Il ricane une plaisanterie sur les malheurs conjugaux du Gros[1], et raccroche.
— Puis-je te demander les raisons de… ? commence le Pinaud des Charentes.
— Plus y aura de publicité sur le décès du comte, plus ça attirera du monde aux obsèques.
— Je comprends.
— En attendant, je te charge d’une mission de confiance, Pinuche.
— Je n’en attendais pas moins de toi, bêle le Vioque, satisfait de cette considération.
Il sent qu’il éblouit le gendarme et rend Béru boudeur ; ce sont deux raisons suffisantes pour porter son orgueil à l’incandescence.
— Tu vas t’acheter des conserves et t’installer au château pour veiller le de cujus en attendant l’arrivée possible des siens, tu mords ?
Il se renfrogne illico.

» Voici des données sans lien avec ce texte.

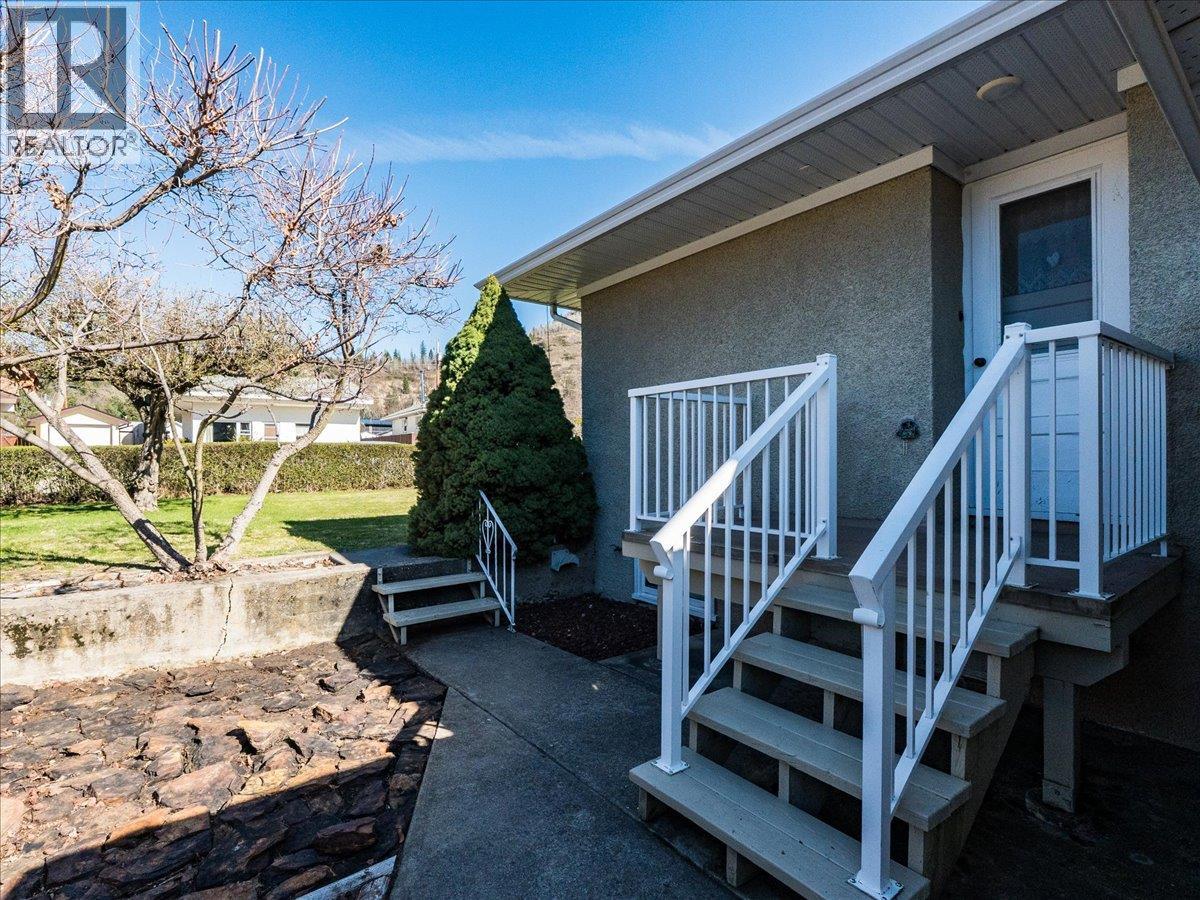 526 Portia Crescent, Trail, British Columbia  V1R 1A9 - Photo 42 - 10383042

Faut admettre qu’il y a de quoi refroidir les optimistes. Loger dans cette vaste masure démeublée en compagnie d’un cadavre, ça n’est pas exactement ce à quoi rêvent les jeunes filles ; ni même les vieux poulets rances.
— Tu garderas la liaison avec la gendarmerie. Le brigadier se fera un plaisir, je pense, de t’assister…
— Et comment, s’enorgueillit l’homme sans cors au pied. Je m’appelle Névudautre, Jean Névudautre, mon père était lieutenant des douanes, vous avez dû entendre causer ?
Ebloui par cette hérédité, je lui tends une main de fer.
— Bravo, brigadier, en vous apercevant, on sent tout de suite à qui on a affaire.
Je propose une vraie cigarette à Pinaud, manière de colmater sa mélancolie. Il l’accepte, l’écosse, en fait deux avec la même et me sourit.
— S’il y a du neuf je t’appelle ? demanda-t-il.
— Et comment. De toute façon, j’assisterai aux funérailles.
Là-dessus, après avoir malaxé des cartilages, je me taille, flanqué du brave Béru qui pleure la faim.
— J’aurais dû choisir un métier où ce qu’on briffe à heures régulières, se lamente le Gros. Moi, c’est mon cauchemar.
— A ta place, je présenterais un numéro de boulimie dans un music-hall, conseillé-je. Comme ça, tu pourrais tortorer régulièrement, sauf le dimanche lorsqu’il y a deux matinées.